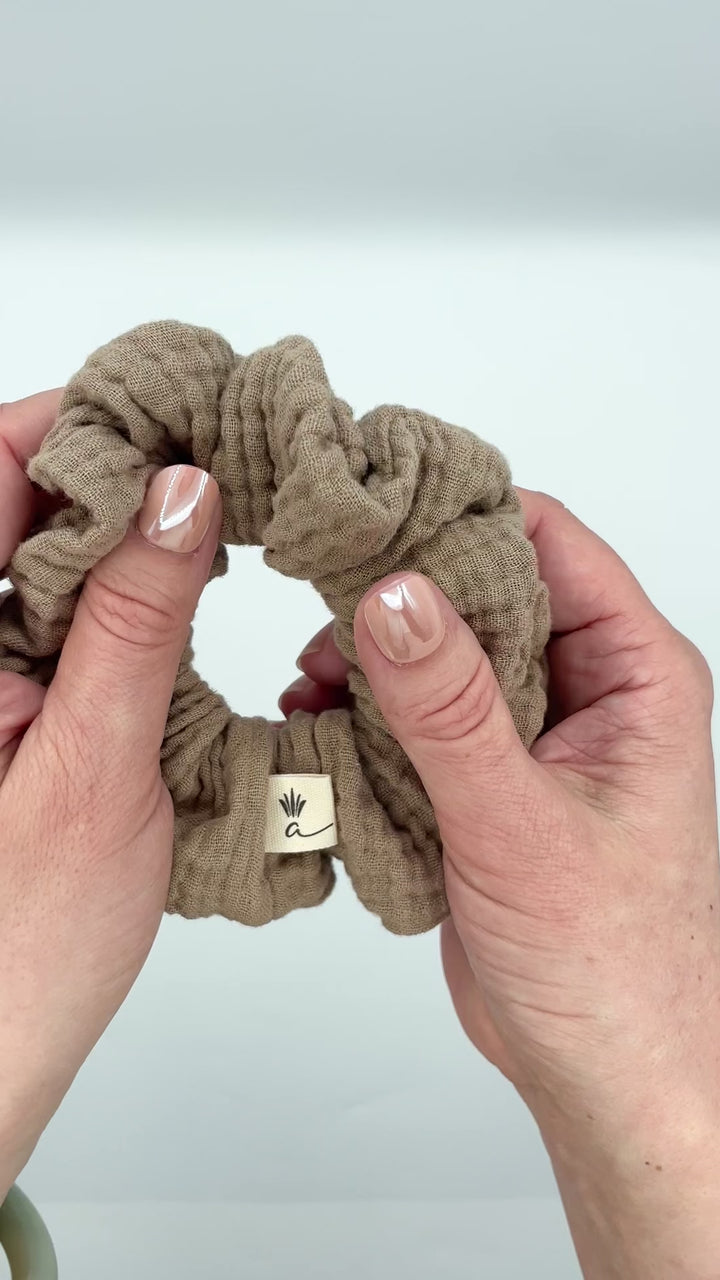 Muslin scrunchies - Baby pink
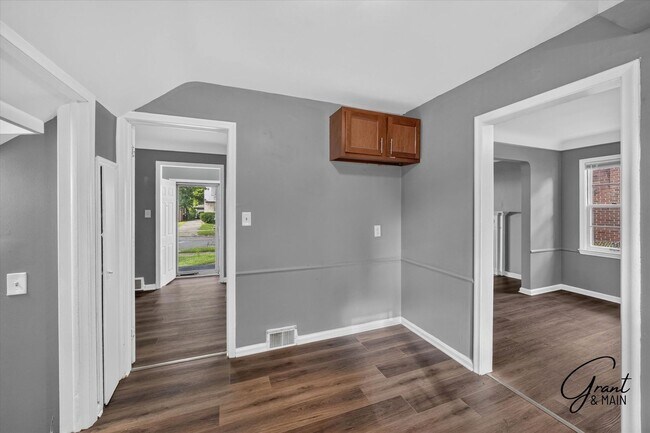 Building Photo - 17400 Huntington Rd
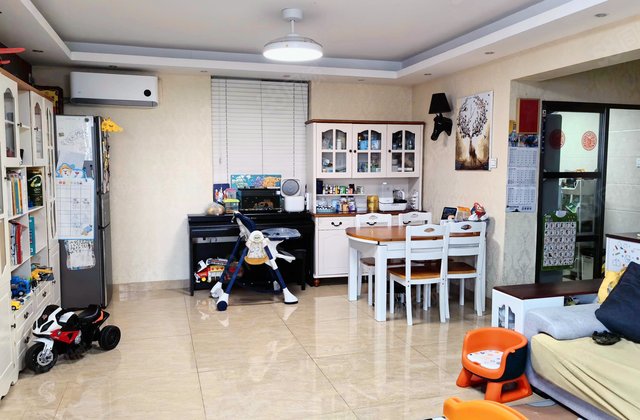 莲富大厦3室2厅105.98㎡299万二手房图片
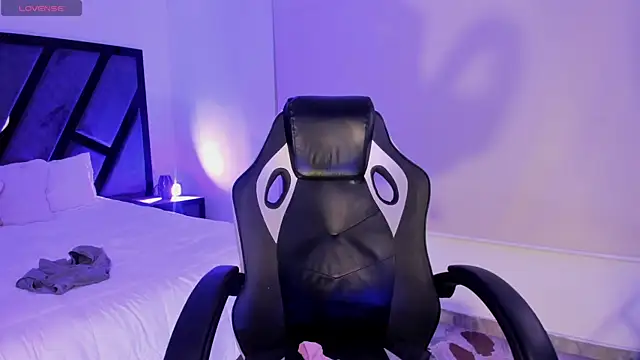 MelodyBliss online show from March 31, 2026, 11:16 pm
...
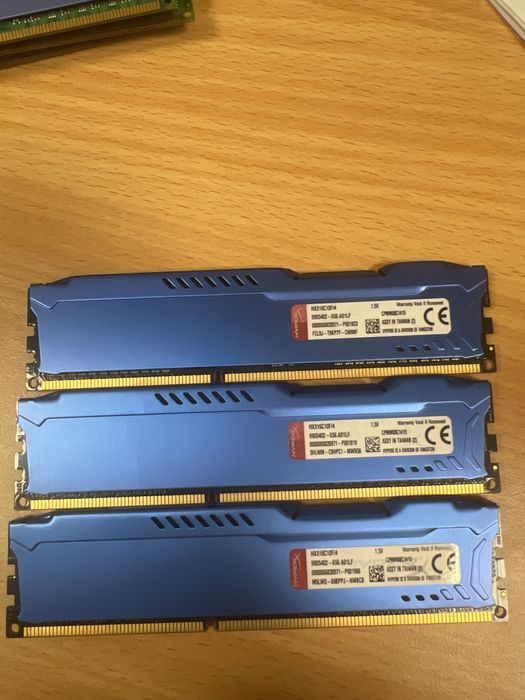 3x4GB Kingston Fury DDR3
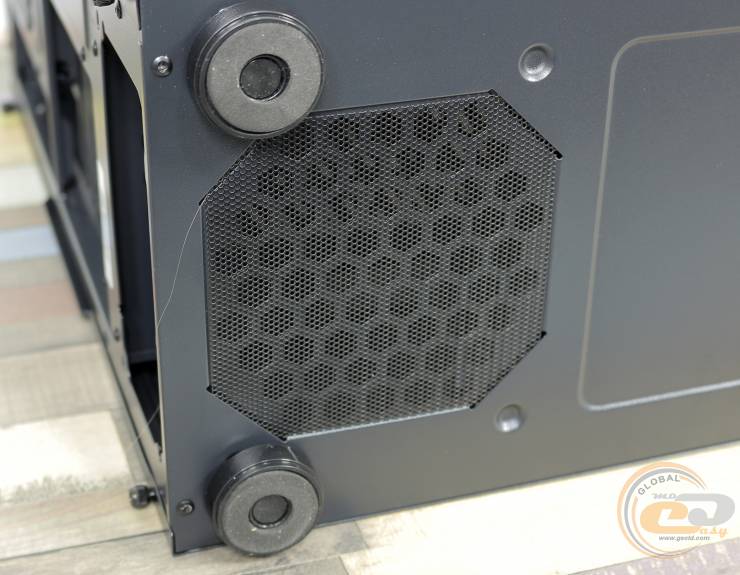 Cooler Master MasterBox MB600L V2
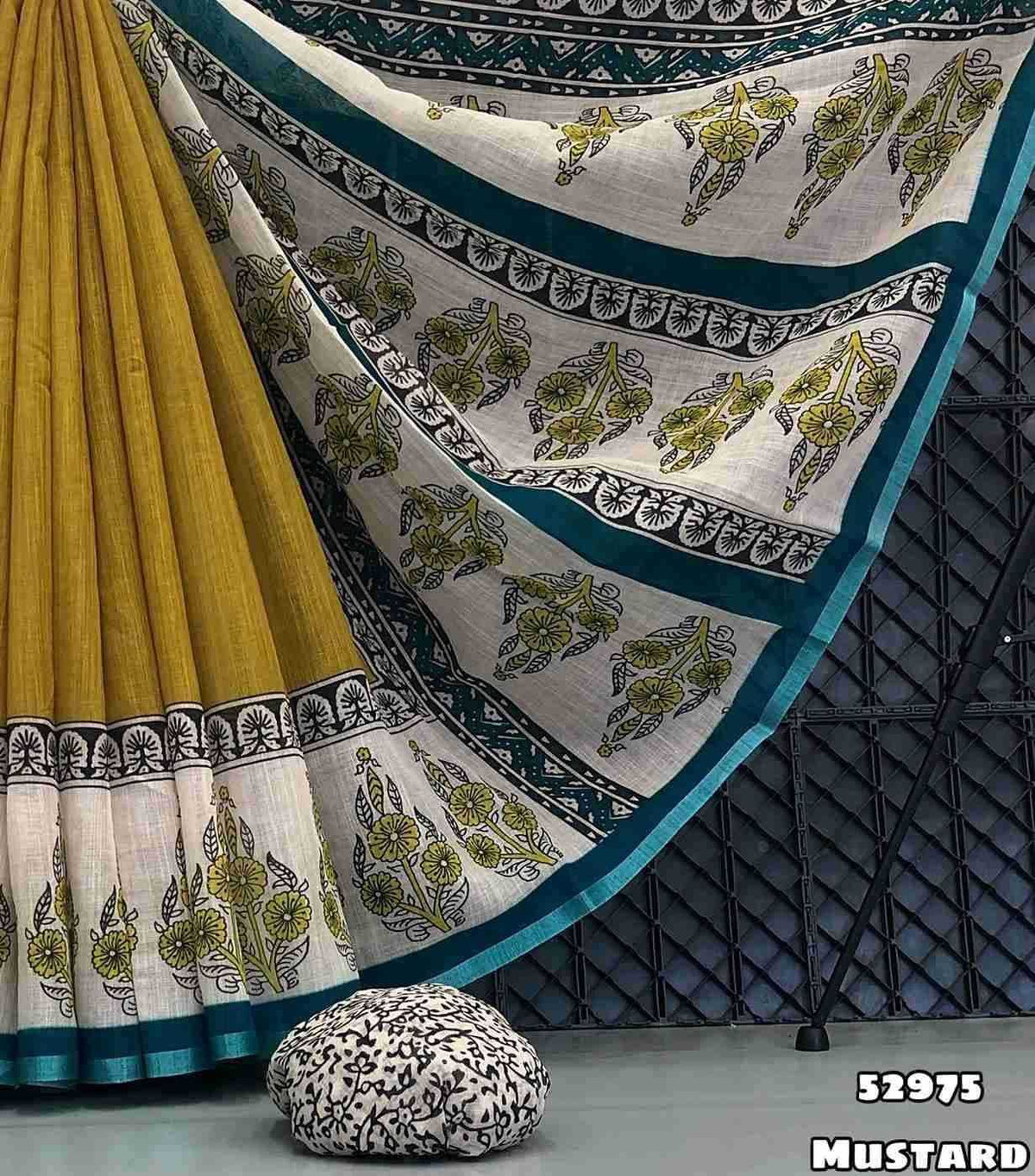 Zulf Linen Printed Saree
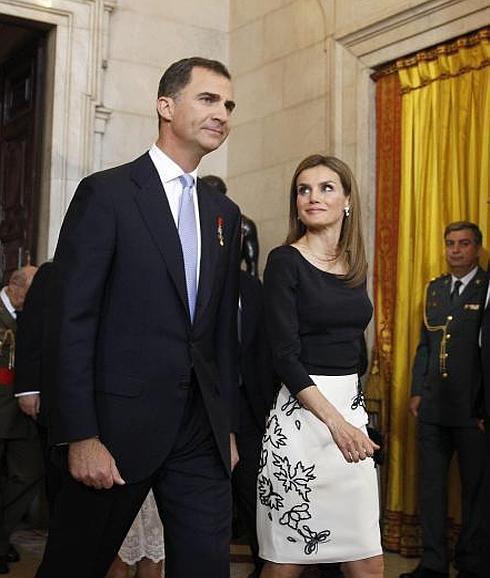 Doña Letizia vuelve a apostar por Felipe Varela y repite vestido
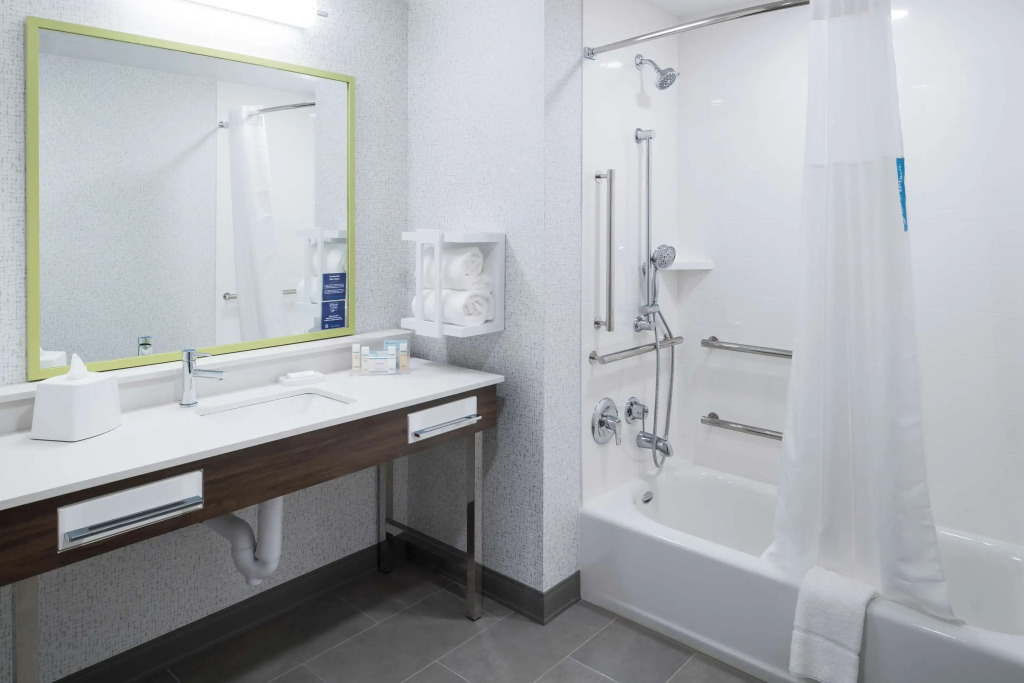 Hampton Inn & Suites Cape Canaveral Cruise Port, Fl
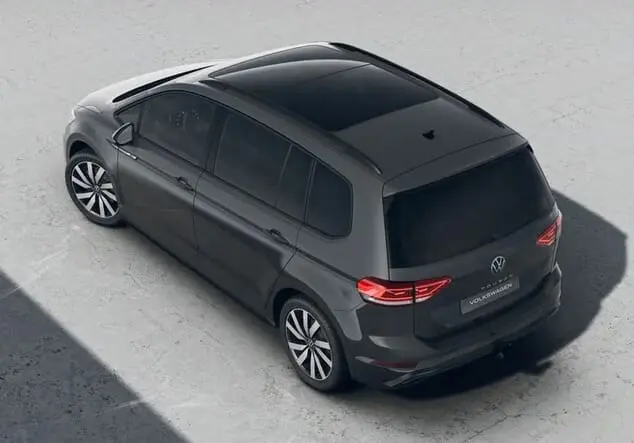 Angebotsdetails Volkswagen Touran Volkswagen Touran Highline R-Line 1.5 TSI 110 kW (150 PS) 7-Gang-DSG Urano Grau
* * *
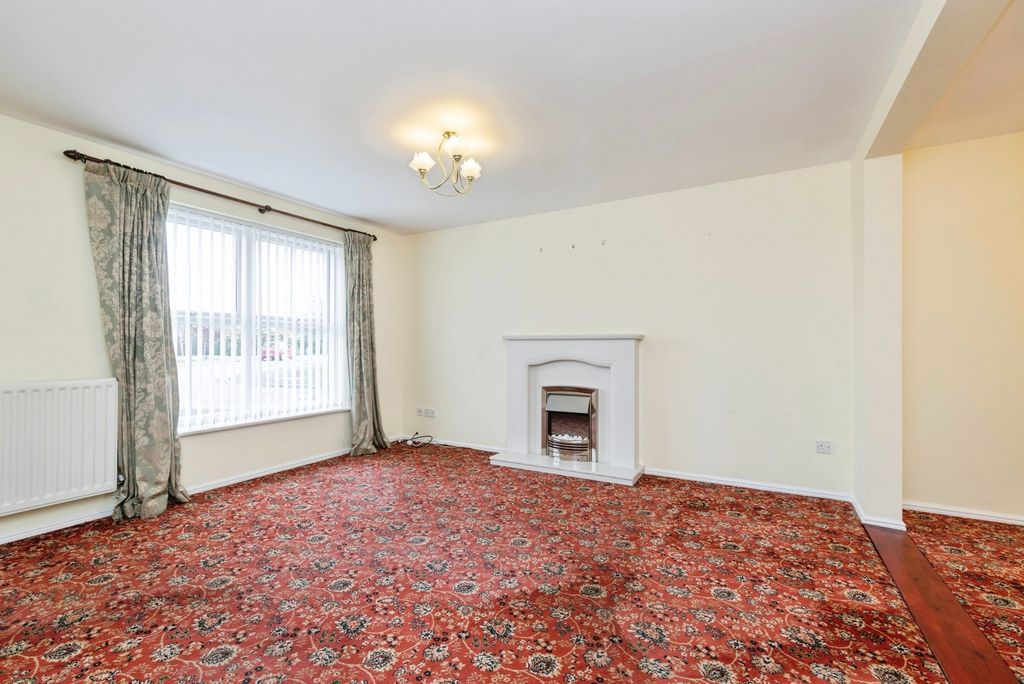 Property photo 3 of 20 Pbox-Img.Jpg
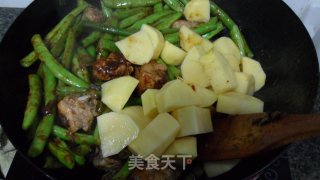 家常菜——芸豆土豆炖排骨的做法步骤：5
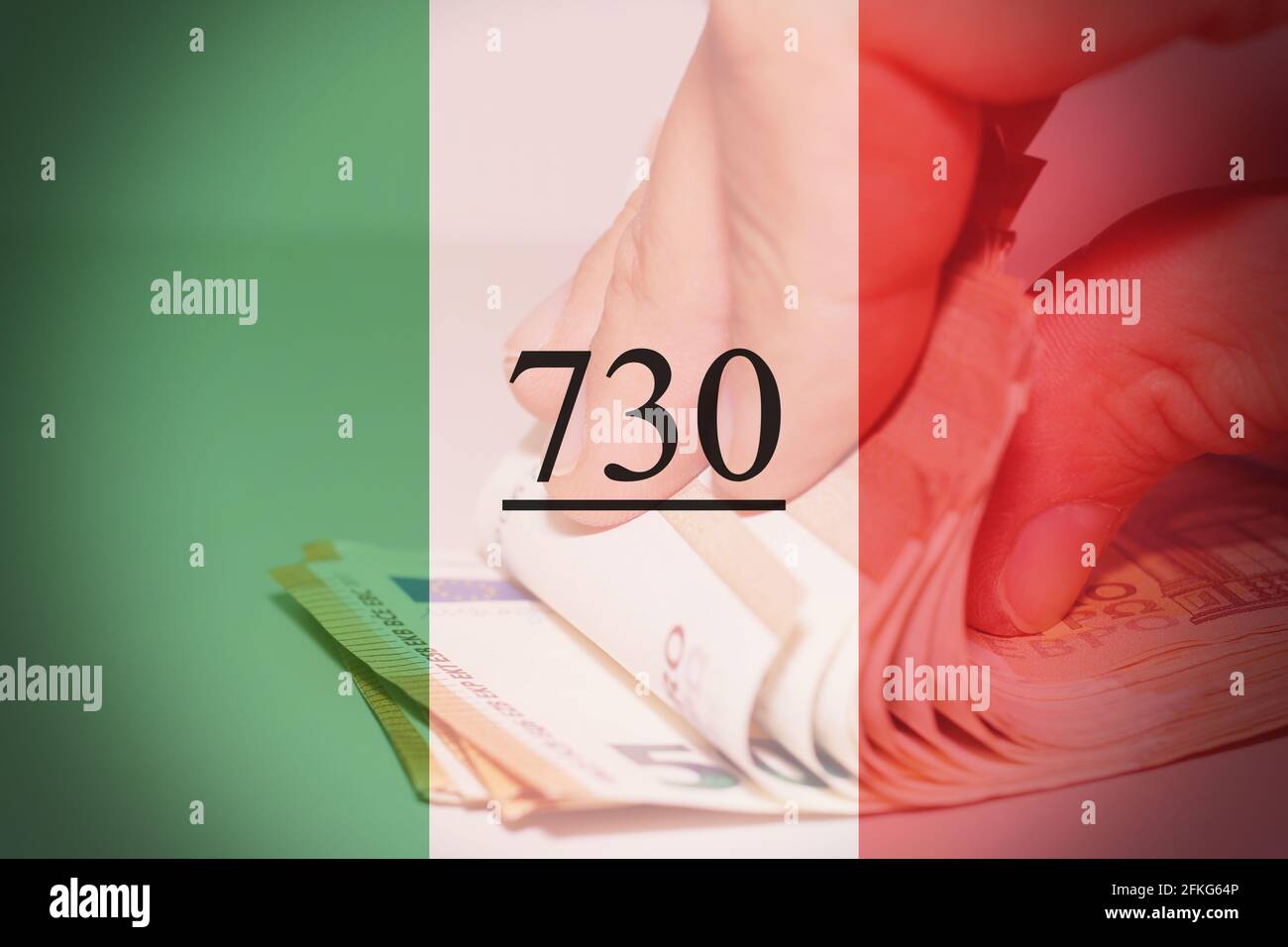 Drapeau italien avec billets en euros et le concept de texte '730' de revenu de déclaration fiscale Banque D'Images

What is required:
Exactly the lines starting at the one above with "Muslin scrunchies - Baby pink" and ending at the one with "MelodyBliss online show" should be printed, and nothing else. Omit the pictures.

Expected answer:
 Muslin scrunchies - Baby pink
 Building Photo - 17400 Huntington Rd
 莲富大厦3室2厅105.98㎡299万二手房图片
 MelodyBliss online show from March 31, 2026, 11:16 pm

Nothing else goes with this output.